Bridges and bypasses win votes – but their ability to ‘level up’ Britain is less certain
Even if Boris Johnson comes good on promises to build big in the north, the economy’s centre of gravity will stay where it is
Last modified on Thu 1 Jul 2021 09.03 EDT
All governments love building things. Fascists, communists, social democrats, even conservatives who demand austerity in other matters – politicians can rarely resist the potential rewards of commissioning new infrastructure. From announcement to construction to opening, new public amenities provide ministers with multiple opportunities to show voters that their administration is making a difference.
“Infrastructure improves everyday life,” said the chancellor, Rishi Sunak, in March. “This is why I created the levelling-up fund … to invest £4.8bn in high-value local infrastructure.” Such investment, said the fund’s prospectus, was about “giving people pride in their local communities; bringing more places across the UK closer to opportunity; and demonstrating that government can visibly deliver”.

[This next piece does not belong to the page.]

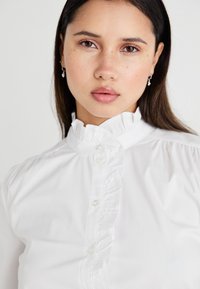 White button-up blouse with a high ruffled collar, featuring front button closure and subtle gathers at the shoulders. Smooth fabric texture.
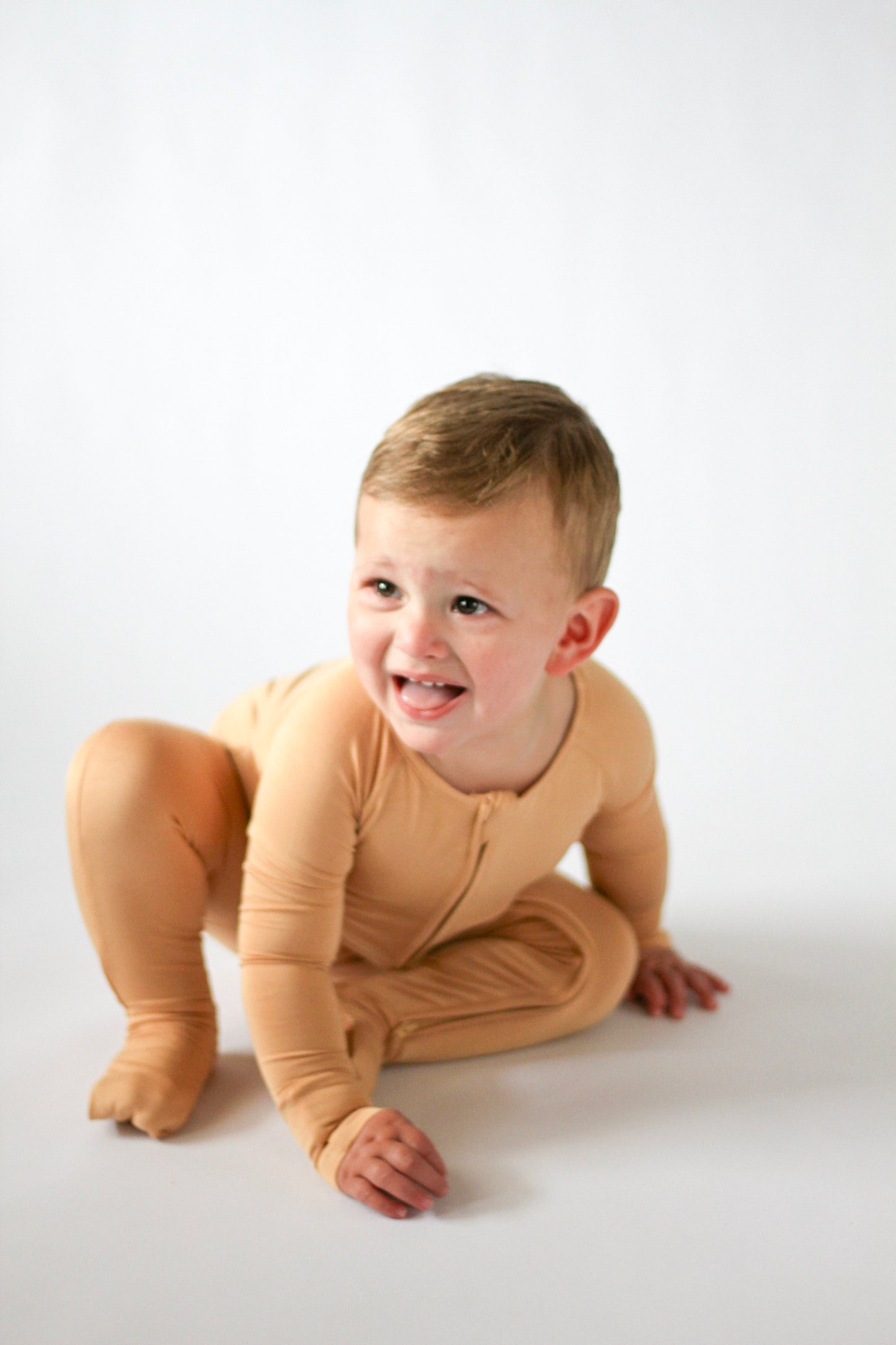 Child wearing a beige onesie on a white background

Presented in this kind of uplifting language, as they usually are, new transport links and other such projects seem free of ideology and party politics, which may be especially appealing to voters in an acrimonious era. But state infrastructure is not really neutral at all. Where it’s sited, whom it benefits, what is considered an acceptable cost: these are intensely political considerations. For the current government, which owes its majority to new Tory seats in northern England and the Midlands that have been neglected by the state for decades – or feel that they have been – providing new bridges or bypasses is a potentially crucial way of demonstrating that Conservatism has changed.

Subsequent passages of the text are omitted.